No Mere Coincidence

‘Tis no mere coincidence, that all of these organizations of the future have such similar-sounding names: Mark Fisher, Sadie Plant, and Kodwo Eshun et al.’s Cybernetic Culture Research Unit (CCRU), John C. Lilly’s Cosmic Coincidence Control Center (CCCC), and Benedict Seymour’s Central Control Committee (CCC). Of the three, the one that intrigues me is the CCC. In a piece titled “The re-Jetée: 1971, recurring,” Seymour sets the scene as follows: “The year is 2040. Facing species extinction and environmental collapse, the members of the Central Control Committee (CCC) of the newly established World Commune resolve to deploy their last hope — the time machine.” Does my own narrative need some such organization? Is there an occult time war underway? Or is the story, rather, one of recovery from trauma?

Thursday August 29, 2019

I listen excitedly, hands tapping thighs, to HausLive 1: Sunwatchers at Cafe Mustache 4/13/2019 after an afternoon at the pool, swimming, reading Kiese Laymon’s Heavy.

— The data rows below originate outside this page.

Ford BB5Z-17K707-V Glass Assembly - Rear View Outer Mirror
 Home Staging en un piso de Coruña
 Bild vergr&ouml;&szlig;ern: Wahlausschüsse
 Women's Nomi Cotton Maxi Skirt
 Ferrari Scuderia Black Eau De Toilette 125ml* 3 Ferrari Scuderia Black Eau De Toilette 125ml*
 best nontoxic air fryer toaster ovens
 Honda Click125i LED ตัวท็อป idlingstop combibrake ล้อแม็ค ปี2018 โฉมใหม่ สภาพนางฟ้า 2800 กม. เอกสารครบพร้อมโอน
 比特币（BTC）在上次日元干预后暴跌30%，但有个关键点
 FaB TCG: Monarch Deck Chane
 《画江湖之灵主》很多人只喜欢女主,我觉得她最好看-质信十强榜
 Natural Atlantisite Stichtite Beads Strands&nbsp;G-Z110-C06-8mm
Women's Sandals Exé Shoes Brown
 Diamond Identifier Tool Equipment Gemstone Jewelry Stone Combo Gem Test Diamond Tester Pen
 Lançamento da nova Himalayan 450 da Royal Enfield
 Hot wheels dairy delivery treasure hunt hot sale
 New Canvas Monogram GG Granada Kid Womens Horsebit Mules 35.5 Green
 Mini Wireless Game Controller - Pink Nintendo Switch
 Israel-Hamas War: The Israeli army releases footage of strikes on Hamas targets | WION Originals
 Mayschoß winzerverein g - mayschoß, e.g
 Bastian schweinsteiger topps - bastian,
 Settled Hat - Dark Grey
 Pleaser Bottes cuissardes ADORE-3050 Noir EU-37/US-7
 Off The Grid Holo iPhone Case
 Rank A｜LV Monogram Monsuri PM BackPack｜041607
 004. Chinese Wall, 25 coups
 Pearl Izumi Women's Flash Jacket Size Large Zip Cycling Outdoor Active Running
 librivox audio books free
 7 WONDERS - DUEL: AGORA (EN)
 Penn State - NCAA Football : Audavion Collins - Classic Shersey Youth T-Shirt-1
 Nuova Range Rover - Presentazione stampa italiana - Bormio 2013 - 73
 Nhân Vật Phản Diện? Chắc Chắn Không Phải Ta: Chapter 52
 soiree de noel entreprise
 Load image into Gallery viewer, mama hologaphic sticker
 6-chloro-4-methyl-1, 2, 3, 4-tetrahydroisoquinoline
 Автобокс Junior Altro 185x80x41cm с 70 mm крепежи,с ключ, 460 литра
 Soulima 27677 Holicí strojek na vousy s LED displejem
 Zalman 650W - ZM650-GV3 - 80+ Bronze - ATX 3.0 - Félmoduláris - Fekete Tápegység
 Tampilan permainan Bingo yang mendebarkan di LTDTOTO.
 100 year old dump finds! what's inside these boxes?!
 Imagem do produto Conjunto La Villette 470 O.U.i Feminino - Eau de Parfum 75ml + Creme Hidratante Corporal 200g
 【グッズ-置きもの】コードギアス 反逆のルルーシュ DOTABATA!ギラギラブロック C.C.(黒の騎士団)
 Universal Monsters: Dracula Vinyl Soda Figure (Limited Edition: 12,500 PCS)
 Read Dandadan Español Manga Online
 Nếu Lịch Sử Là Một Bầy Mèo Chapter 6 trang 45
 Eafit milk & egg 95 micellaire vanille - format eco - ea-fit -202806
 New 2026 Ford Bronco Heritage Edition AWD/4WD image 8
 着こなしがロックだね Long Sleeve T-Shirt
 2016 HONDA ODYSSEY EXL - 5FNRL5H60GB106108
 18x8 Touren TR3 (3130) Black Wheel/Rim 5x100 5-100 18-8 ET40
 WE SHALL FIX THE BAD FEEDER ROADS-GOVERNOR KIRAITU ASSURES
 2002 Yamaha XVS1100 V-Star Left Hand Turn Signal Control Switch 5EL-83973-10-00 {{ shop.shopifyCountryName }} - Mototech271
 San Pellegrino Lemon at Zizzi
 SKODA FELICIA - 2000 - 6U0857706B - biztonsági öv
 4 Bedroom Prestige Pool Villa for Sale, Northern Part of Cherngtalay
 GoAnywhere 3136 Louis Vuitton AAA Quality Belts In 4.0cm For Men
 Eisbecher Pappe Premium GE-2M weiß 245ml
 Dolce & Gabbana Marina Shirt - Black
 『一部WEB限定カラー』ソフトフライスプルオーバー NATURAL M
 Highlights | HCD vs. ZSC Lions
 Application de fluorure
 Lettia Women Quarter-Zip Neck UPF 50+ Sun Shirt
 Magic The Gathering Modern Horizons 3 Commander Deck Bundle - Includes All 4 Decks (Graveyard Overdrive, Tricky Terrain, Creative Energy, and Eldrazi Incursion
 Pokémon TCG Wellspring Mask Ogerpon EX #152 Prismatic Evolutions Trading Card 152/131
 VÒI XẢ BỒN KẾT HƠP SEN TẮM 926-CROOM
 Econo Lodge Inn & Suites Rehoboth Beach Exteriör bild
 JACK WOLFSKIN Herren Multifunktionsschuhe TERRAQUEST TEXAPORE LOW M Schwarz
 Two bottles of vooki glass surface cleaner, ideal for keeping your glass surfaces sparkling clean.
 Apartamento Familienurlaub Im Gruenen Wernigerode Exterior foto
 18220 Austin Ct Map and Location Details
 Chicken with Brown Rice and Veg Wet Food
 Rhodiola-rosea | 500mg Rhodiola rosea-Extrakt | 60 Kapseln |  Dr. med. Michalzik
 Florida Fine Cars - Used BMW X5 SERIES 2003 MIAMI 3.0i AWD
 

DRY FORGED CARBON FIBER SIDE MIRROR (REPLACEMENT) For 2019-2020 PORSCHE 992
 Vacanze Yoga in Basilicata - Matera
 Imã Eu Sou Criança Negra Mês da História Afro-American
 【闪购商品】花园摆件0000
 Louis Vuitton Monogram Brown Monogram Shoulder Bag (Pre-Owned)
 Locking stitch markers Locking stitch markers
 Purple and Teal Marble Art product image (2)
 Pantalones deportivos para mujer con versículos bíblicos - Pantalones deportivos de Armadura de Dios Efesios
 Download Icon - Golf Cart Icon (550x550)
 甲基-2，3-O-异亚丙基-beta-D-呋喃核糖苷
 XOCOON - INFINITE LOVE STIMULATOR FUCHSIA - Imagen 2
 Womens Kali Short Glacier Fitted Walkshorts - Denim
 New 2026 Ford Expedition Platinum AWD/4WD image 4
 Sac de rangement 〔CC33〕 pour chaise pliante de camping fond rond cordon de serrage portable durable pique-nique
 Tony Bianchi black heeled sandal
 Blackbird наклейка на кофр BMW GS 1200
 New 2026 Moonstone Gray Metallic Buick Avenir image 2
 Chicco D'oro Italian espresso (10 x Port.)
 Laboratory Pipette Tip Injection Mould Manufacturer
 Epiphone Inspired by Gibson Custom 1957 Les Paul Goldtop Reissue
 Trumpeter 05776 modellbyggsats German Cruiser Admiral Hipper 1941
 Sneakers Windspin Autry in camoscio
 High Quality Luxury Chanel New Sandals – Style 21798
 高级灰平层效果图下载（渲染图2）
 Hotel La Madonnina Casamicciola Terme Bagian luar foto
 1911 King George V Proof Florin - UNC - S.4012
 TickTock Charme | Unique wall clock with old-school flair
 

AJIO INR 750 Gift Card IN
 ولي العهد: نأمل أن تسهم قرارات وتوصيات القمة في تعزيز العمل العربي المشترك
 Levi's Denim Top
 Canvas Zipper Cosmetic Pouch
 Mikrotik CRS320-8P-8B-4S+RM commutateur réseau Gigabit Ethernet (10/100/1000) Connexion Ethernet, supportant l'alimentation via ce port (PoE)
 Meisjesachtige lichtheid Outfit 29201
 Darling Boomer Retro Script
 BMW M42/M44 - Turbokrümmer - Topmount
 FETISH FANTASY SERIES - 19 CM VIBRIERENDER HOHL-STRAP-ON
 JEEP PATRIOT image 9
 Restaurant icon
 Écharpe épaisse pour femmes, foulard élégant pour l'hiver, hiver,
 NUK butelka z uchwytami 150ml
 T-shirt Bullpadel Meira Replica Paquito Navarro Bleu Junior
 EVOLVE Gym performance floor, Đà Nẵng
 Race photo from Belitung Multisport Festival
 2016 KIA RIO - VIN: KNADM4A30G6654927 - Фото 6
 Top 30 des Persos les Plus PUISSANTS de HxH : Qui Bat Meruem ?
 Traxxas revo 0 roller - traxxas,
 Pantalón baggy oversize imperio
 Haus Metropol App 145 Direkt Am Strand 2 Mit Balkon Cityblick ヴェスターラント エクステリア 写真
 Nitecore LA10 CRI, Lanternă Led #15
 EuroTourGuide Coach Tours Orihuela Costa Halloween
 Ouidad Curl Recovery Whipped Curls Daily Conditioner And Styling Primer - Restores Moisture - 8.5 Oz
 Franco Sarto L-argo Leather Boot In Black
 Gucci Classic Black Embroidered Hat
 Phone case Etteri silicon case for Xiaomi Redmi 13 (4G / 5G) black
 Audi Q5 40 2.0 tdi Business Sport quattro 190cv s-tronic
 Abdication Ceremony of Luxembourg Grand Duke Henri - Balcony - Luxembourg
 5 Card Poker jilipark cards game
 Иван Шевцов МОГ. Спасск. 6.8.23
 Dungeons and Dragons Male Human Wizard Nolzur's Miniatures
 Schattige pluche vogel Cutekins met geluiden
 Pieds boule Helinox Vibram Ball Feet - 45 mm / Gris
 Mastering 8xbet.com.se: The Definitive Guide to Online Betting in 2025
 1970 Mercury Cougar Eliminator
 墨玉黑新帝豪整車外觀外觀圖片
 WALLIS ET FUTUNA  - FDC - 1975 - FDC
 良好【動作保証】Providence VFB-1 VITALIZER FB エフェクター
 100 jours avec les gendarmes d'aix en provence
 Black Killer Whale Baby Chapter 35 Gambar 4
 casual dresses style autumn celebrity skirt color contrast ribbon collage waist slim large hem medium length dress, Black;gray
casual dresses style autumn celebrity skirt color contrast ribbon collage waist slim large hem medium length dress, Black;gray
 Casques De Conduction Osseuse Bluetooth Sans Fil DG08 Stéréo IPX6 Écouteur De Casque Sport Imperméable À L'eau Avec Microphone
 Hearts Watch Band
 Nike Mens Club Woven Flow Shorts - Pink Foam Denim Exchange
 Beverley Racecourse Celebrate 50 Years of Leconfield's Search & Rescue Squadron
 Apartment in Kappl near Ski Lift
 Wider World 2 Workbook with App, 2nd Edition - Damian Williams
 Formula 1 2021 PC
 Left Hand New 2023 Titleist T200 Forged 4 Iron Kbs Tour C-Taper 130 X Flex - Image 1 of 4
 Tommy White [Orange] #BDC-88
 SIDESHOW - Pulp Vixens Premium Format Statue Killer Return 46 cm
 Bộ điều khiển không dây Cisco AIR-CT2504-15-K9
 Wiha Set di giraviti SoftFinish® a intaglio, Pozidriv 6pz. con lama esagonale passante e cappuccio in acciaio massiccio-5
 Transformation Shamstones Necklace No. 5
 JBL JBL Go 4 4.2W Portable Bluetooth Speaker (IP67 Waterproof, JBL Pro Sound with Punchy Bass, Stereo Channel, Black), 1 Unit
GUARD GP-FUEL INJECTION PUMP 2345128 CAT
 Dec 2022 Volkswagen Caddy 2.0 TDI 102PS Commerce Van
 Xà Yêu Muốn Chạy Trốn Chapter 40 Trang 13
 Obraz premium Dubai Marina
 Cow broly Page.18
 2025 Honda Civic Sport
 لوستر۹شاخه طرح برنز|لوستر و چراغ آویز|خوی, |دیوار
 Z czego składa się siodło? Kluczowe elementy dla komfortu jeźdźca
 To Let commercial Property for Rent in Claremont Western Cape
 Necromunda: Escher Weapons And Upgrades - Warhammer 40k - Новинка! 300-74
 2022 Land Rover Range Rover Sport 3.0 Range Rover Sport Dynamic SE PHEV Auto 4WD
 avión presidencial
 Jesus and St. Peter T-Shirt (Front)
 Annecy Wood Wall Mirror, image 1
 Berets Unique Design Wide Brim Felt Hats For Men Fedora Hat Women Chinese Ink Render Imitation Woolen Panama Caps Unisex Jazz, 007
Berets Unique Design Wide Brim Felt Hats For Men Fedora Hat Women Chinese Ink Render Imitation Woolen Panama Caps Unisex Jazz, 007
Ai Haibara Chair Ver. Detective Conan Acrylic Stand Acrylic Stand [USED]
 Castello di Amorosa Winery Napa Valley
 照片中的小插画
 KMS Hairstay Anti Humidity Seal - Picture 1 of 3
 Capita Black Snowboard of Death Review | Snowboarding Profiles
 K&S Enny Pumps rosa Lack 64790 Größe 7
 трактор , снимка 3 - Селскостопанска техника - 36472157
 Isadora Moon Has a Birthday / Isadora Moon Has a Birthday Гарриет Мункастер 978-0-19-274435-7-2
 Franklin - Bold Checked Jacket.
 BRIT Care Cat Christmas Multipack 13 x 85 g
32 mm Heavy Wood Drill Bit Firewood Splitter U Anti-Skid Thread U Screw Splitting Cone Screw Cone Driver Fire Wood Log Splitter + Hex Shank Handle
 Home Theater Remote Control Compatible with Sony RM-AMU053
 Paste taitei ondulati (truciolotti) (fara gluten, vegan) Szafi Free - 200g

Laymon’s prose remedies with its tender heavy murmur. He writes as a son addressing a letter to his mother. It’s a book that hits hard. Subtitled “An American Memoir,” the book allows personal and familial history to tell as well the story of the harm done by the country to black bodies: the weight of antiblackness those bodies are made to bear. His mother’s withering appraisal of Dukes of Hazzard when he was a kid forces me to reflect with disappointment upon my own upbringing. My parents thought it appropriate to dress me in a pair of Dukes of Hazzard pajamas at one point when I was a toddler. It is my duty to confront that past and live differently.